Provider Capability Status Configuration
OpenAI Responses Reasoning Summary ✅ Implemented Agent-level enableThinking + optional reasoningSummary
xAI Responses Reasoning Summary ✅ Implemented Agent-level enableThinking
Anthropic Extended Thinking ✅ Implemented Agent-level enableThinking + optional thinkingBudgetTokens
Google Extended Thinking ✅ Implemented enableThinking; thinkingBudgetTokens or thinkingLevel (Gemini 3+), not both
Others N/A ❌ Not supported -

Generic Architecture

The Thinking Pattern

Dartantic AI follows a consistent pattern for thinking across all providers:

graph TD
    A[Model generates thinking] --> B{Streaming?}
    B -->|Yes| C[Emit thinking deltas in ChatResult.metadata]
    B -->|No| D[Accumulate thinking internally]
    C --> E[Accumulate in buffer]
    D --> E
    E --> F[Include accumulated thinking in final ChatResult.metadata]
    F --> G{Include in message history?}
    G -->|No| H[Filter thinking from ChatMessage.parts]
    G -->|Yes| I[Include as ThinkingPart]

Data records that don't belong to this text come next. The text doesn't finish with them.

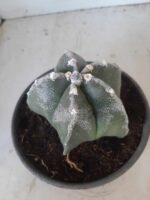 ASTROPHYTUM MYRIOSTIGMA  Nº 395 – vaso 15 - Imagem 7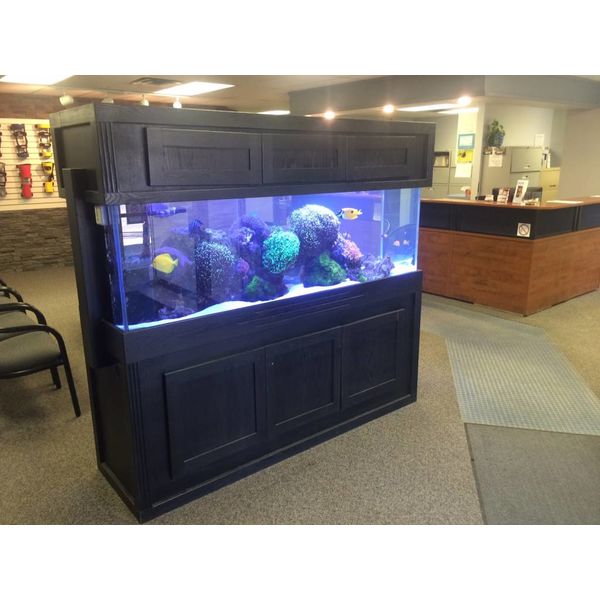  Waiting Room Tank by Aquarium Illusions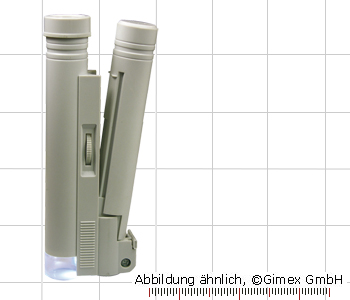 Stab-Mikroskop mit LED-Beleuchtung 100X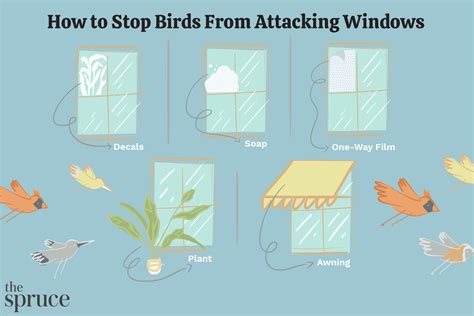 Methods To Prevent Birds From Flying Into Windows Nature Blog Network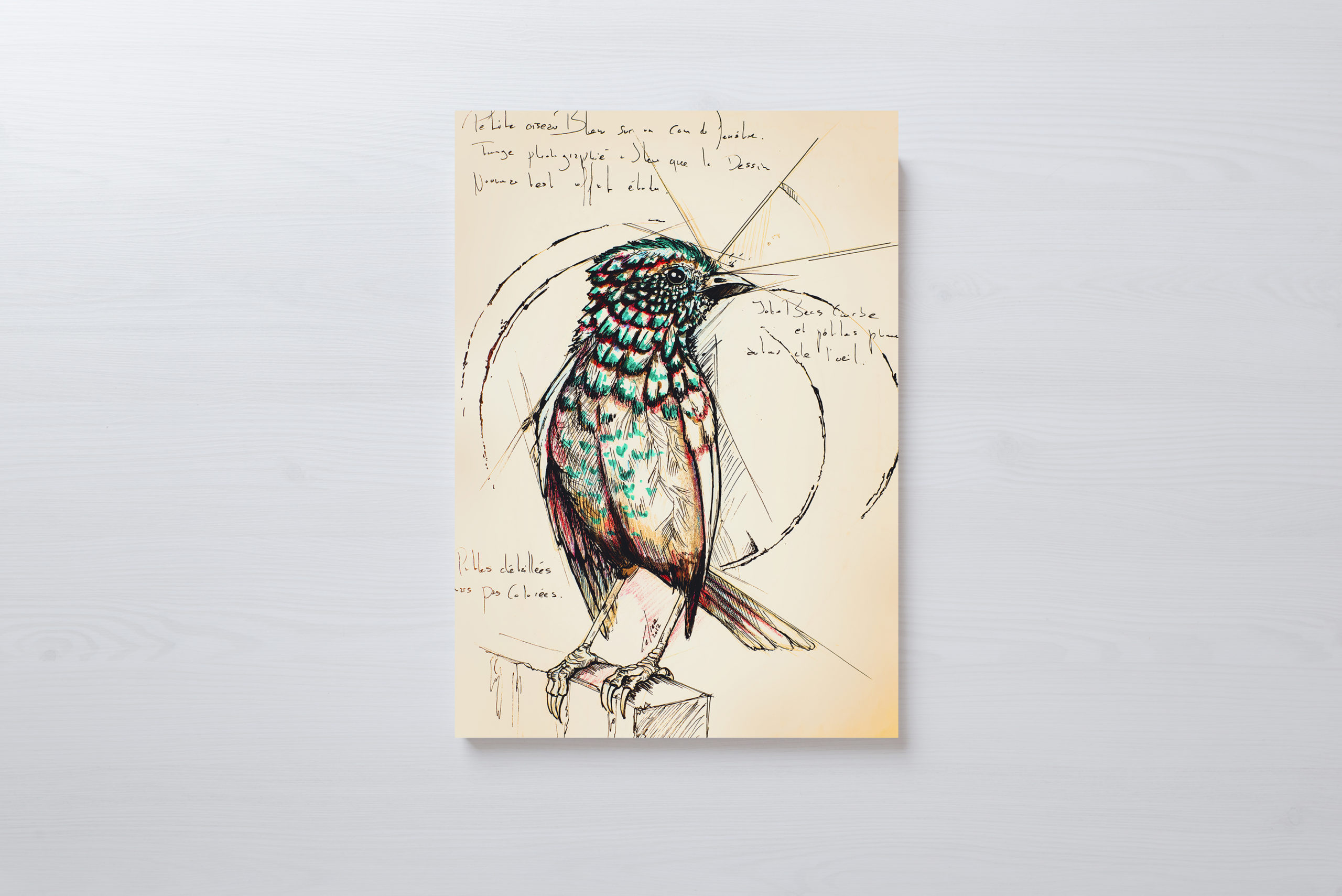 Planche du Naturaliste - Oiseau - Format A4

    style C fill:#bbf,stroke:#333,stroke-width:2px
    style F fill:#f9f,stroke:#333,stroke-width:2px
    style H fill:#9f9,stroke:#333,stroke-width:2px
Loading

Core Principles

  1. Agent-Level Configuration: Thinking is enabled via enableThinking: true parameter at the Agent constructor level, not in provider-specific options
  2. Dedicated Surface: Thinking appears as ThinkingPart instances in message parts (v3.0.0+)
  3. Streaming Transparency: During streaming, thinking deltas are emitted as ThinkingPart messages for real-time display
  4. Consolidation: Multiple streaming ThinkingParts are consolidated into a SINGLE ThinkingPart in the final message (same as TextPart consolidation)
  5. History Isolation: Thinking is typically NOT sent back to the model in conversation history
    • Exception: Anthropic requires thinking blocks (with signatures) to be preserved when tool calls are present
    • This is handled transparently by the provider implementation via _anthropic_thinking_signature metadata
    • Users pay for thinking tokens on every turn when using tools with Anthropic
  6. Provider-Specific Fine-Tuning: Options classes (e.g., AnthropicChatOptions, GoogleChatModelOptions) contain only provider-specific tuning parameters like token budgets, not the enable flag
  7. Provider Agnostic: Same consumption pattern works across all providers

Message Consolidation Architecture

ThinkingPart consolidation follows the exact same pattern as TextPart consolidation via MessageAccumulator:

During streaming (MessageAccumulator.accumulate):

  • Each streaming chunk adds its parts to the accumulated message
  • ThinkingParts and TextParts are collected separately

At end of stream (MessageAccumulator.consolidate):

  • All TextParts are joined into a SINGLE TextPart
  • All ThinkingParts are joined into a SINGLE ThinkingPart
  • Parts are ordered: TextPart first, then ThinkingPart, then other parts (ToolParts, etc.)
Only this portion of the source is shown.